El hecho ocurrió el 31 de diciembre, en medio de una jornada de intenso calor. Matías Coscollola, médico traumatólogo (MP 16.579), descansaba junto a su familia en un complejo turístico cuando advirtió que el dueño del lugar caminaba ensangrentado cerca de la pileta. Al consultarle qué le había sucedido, el hombre explicó que se había cortado la mano con un cuchillo.
Al examinarlo, Coscollola advirtió de inmediato la gravedad de la lesión: el corte había afectado el arco palmar, una estructura clave para la irrigación sanguínea de la mano. La herida provocaba una hemorragia intensa que ponía en riesgo la vida del paciente, un hombre de aproximadamente 70 años.
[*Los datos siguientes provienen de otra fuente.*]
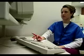Their duties may also include keeping patient records, adjusting and maintaining equipment, and preparing work schedules.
Lo que comenzó como una tarde típica de verano en la costa atlántica estuvo a punto de terminar en tragedia. El 31 de diciembre, en medio de una jornada de calor extremo en Villa Gesell, el médico rosarino Matías Coscollola, traumatólogo (MP 16.579), le salvó la vida a un empresario hotelero tras una grave lesión que le provocó una hemorragia severa.
“Fue una cosa de locos”, relató el profesional en Viva la Radio por Cadena 3 Rosario. “Tarde de mucho calor, pileta, sol… y de repente el dueño del complejo pasa ensangrentado”. Al verlo, Coscollola no dudó en intervenir. “Le pregunto qué le había pasado y me dice rápidamente que se había cortado la mano con un cuchillo”.
La escena era crítica. “Cuando lo voy a ver, el cuchillo había cortado el arco palmar. Nosotros en la palma tenemos dos arcos palmares que aseguran la irrigación de la mano. Él había cortado uno de esos”, explicó. Y graficó la gravedad del momento: “Había sangre por todos lados”.
Junto a su esposa, que también es médica, actuaron de inmediato. “Mi mujer me socorrió con gasas y vendas. Hicimos un torniquete sobre la mano, produciendo mucha presión para que dejara de sangrar”, contó. A pesar de la maniobra, el cuadro se agravó: “El paciente hizo una hipotensión severa y se nos desmayó”.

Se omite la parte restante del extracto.